The economy of Tarlac is dominantly agricultural. Principal crops are rice and sugarcane. Other major crops are corn and coconut; vegetables such as eggplant, garlic, and onion; and fruit trees like mango, banana, and calamansi. It is among the biggest producers of Rice and Sugarcane notably grown in Hacienda Luisita in Barangay San Miguel, Tarlac City which is owned by the Cojuangco Family.

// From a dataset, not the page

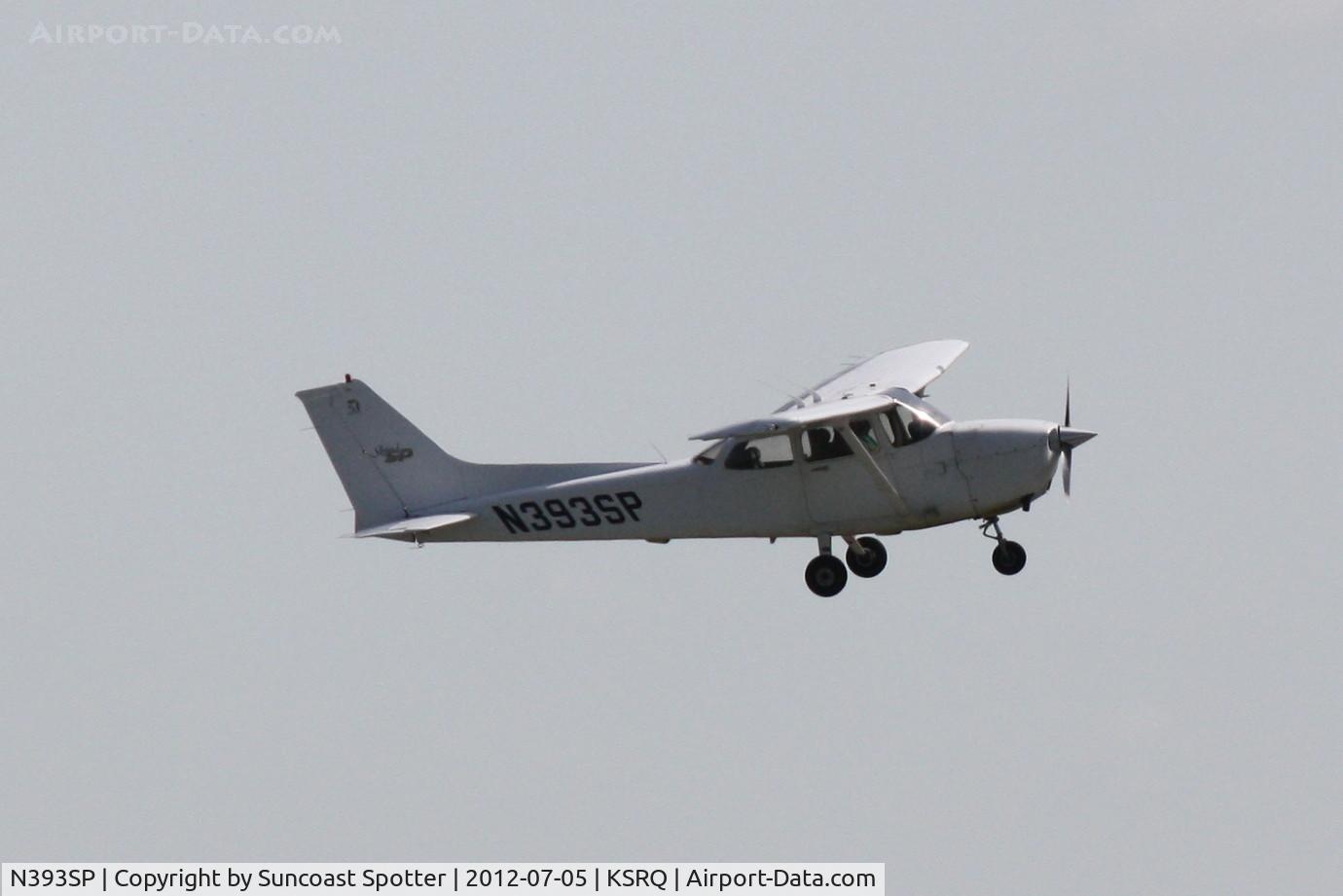 N393SP, 1999 Cessna 172S C/N 172S8290, Skyhawk at SRQ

Because the province is landlocked, its fish production is limited to fishponds but it has vast river systems and irrigation which is more than enough to compensate for the need of water. On the boundary with Zambales in the west, forest lands provide timber for the logging industry. Mineral reserves such as manganese and iron can also be found along the western section.
Tarlac has its own rice and corn mills as well as sawmills and logging outfits. It has three sugar centrals. Other firms service agricultural needs such as fertilizer. Among its cottage industries, ceramics making has become important because of the abundant supply of clay. Some of the major industries here are the making of Chicharon and Iniruban in the municipality of Camiling, Ylang Ylang /Ilang-Ilang products of Anao and the Muscovado sugar products of Victoria. Besides those products, the province also boosts its sugar products in the Philippines. It is next to Negros Occidental which is the nation's sugar capital. Tilapia is also improving in Tarlac and it will soon be the Tilapia capital of the Philippines.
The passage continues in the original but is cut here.